M.G. – Como definiria a coleção da MEP, frequentemente apontada como uma das mais importantes do mundo?
J.L.M. – A coleção da MEP, que reúne 25 mil obras de 1950 aos nossos dias, reflete com fidelidade a evolução da fotografia que, durante esse período, passou de documento ao status de obra de arte. A evolução do seu formato de apresentação e as novas leituras do seu conteúdo permitiram uma aproximação com as artes plásticas. Contribuíram muito para isso a contestação do real pelas novas tecnologias e o desaparecimento progressivo das revistas ilustradas, como a Life, que obrigou os fotógrafos de hoje a repensarem a sua relação com a fotografia, o que nos levou à redefinição dessa mídia a que assistimos atualmente. A MEP está atenta a essas mudanças, tendo inclusive começado uma coleção de vídeos curtos, imprescindível para dar conta dos novos caminhos expressivos dos fotógrafos.

M.G. – Como as novas tecnologias mudam o mercado fotográfico? Na última Feira Internacional de Arte Contemporânea, em Paris, obras de autores pouco conhecidos foram vendidas a 180 mil euros. Recentemente, uma foto do artista alemão Andreas Gursky foi arrematada em um leilão em Nova York, nos Estados Unidos, por US$ 4,3 milhões. Como o senhor vê essa valorização?

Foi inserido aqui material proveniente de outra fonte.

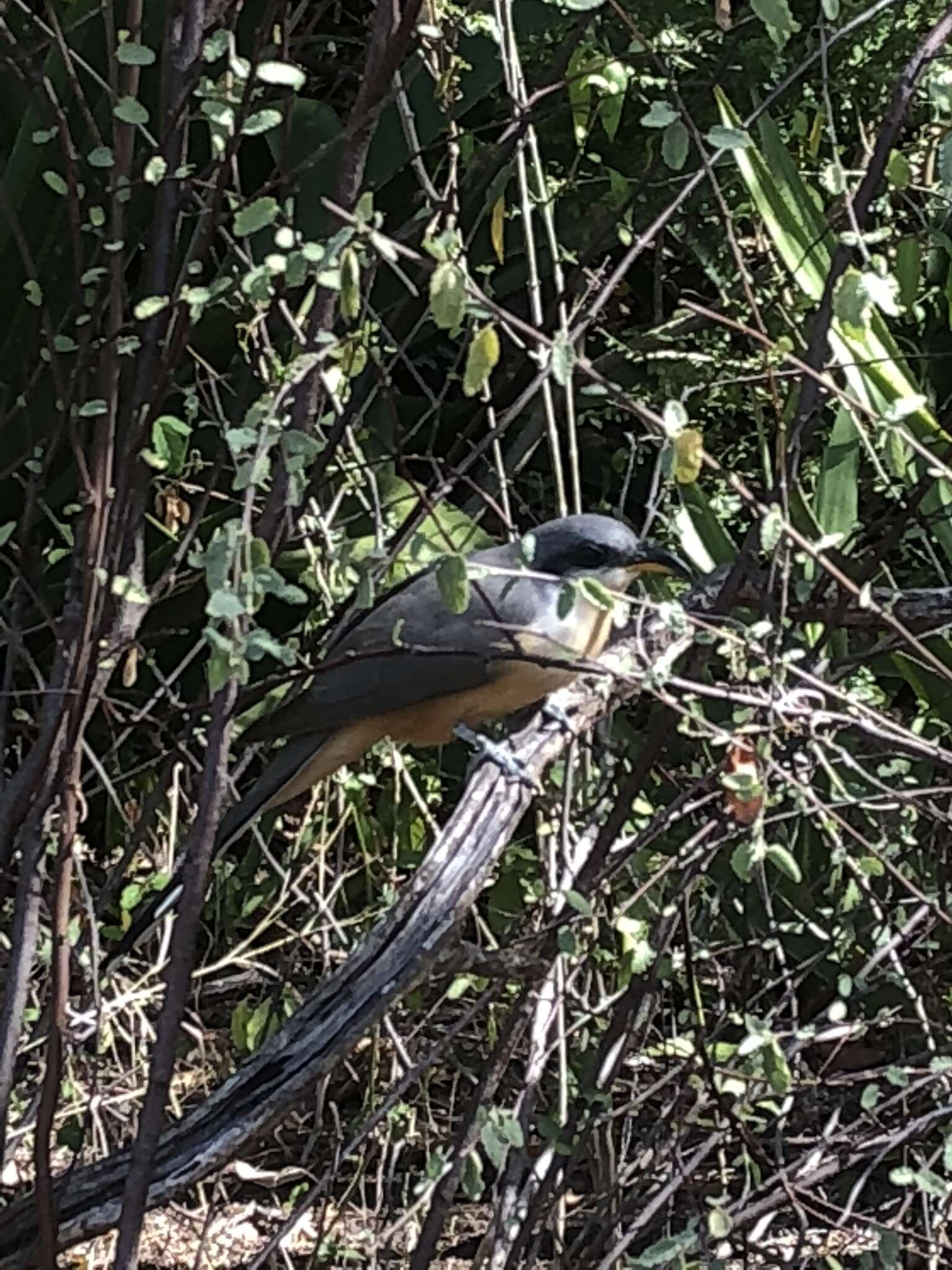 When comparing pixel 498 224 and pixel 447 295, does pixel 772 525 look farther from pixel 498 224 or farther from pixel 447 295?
pixel 498 224

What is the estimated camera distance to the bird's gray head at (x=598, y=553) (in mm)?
2686

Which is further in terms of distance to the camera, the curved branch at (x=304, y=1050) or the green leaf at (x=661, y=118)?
the curved branch at (x=304, y=1050)

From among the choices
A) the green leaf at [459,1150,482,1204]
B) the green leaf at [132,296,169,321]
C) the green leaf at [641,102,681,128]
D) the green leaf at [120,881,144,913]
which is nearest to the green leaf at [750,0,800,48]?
the green leaf at [641,102,681,128]

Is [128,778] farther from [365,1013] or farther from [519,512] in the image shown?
[365,1013]

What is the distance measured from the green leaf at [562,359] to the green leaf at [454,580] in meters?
0.15

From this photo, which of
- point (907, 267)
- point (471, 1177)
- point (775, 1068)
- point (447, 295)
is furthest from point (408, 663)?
point (447, 295)

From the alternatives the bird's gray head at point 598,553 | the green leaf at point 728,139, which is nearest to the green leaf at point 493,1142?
the green leaf at point 728,139

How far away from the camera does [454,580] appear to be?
121 centimetres

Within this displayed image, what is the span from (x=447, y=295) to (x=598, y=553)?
5.43 ft

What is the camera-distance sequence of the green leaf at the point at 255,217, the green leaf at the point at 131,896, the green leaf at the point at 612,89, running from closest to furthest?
the green leaf at the point at 255,217
the green leaf at the point at 612,89
the green leaf at the point at 131,896

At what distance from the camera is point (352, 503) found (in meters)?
3.03

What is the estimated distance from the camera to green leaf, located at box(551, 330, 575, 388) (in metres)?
1.14

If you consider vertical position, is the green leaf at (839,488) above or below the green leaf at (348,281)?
below

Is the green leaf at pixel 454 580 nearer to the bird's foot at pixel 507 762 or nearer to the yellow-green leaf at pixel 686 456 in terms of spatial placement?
the yellow-green leaf at pixel 686 456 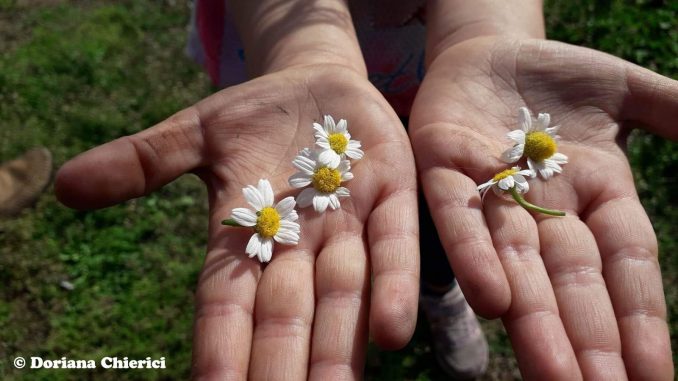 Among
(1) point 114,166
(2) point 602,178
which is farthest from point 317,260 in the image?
(2) point 602,178

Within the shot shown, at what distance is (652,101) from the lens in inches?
79.8

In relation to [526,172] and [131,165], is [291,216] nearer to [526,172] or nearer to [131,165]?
[131,165]

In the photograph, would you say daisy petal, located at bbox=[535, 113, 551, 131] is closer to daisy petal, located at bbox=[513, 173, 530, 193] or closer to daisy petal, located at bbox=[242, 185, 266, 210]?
daisy petal, located at bbox=[513, 173, 530, 193]

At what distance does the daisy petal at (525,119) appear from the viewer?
2053 millimetres

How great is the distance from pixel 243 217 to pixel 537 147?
3.12 feet

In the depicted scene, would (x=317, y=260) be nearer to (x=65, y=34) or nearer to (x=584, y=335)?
(x=584, y=335)

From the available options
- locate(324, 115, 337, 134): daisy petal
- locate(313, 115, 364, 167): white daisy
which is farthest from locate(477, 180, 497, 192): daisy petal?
locate(324, 115, 337, 134): daisy petal

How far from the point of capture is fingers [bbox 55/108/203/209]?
182 centimetres

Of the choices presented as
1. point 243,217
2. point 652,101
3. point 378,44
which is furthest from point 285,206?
point 652,101

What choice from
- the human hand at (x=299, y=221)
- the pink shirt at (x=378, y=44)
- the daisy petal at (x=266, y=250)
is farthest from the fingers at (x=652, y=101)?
the daisy petal at (x=266, y=250)

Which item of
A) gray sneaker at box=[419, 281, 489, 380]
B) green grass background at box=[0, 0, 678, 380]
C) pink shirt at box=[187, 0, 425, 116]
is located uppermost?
pink shirt at box=[187, 0, 425, 116]

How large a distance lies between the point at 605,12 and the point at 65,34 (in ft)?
12.1

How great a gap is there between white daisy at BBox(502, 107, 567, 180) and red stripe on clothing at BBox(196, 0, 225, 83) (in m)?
1.34

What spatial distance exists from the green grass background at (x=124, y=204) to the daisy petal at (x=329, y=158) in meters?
1.34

J.L.M. – As novas tecnologias, principalmente a mídia digital, permitiram não só um aumento da produção de imagens, mas, sobretudo, criaram importantes canais de difusão da imagem. Ao mesmo tempo, o digital pela facilidade colocou em dúvida de forma definitiva um dos fundamentos da fotografia, que é a representação do real. Quanto ao mercado da fotografia, ele ganhou amplitude mundial, graças às novas tecnologias de difusão, mas, ao mesmo tempo, valorizou a fotografia tradicional em sais de prata, em particular a vintage, que é aquela cópia feita no momento da sua produção da imagem, normalmente pelo próprio autor ou sob sua supervisão direta, na medida em que esse processo tradicional está em vias de desaparecimento. De fato, a indústria não fabrica mais certos filmes e papéis, a fotografia deixou de ser uma pegada ou uma impressão sobre sais de prata… É muito bom que o mercado se desenvolva, mas quem fala em “mercado”, fala em “especulação” e, por conta da especulação, muitas vezes se chega a preços que parecem incompreensíveis.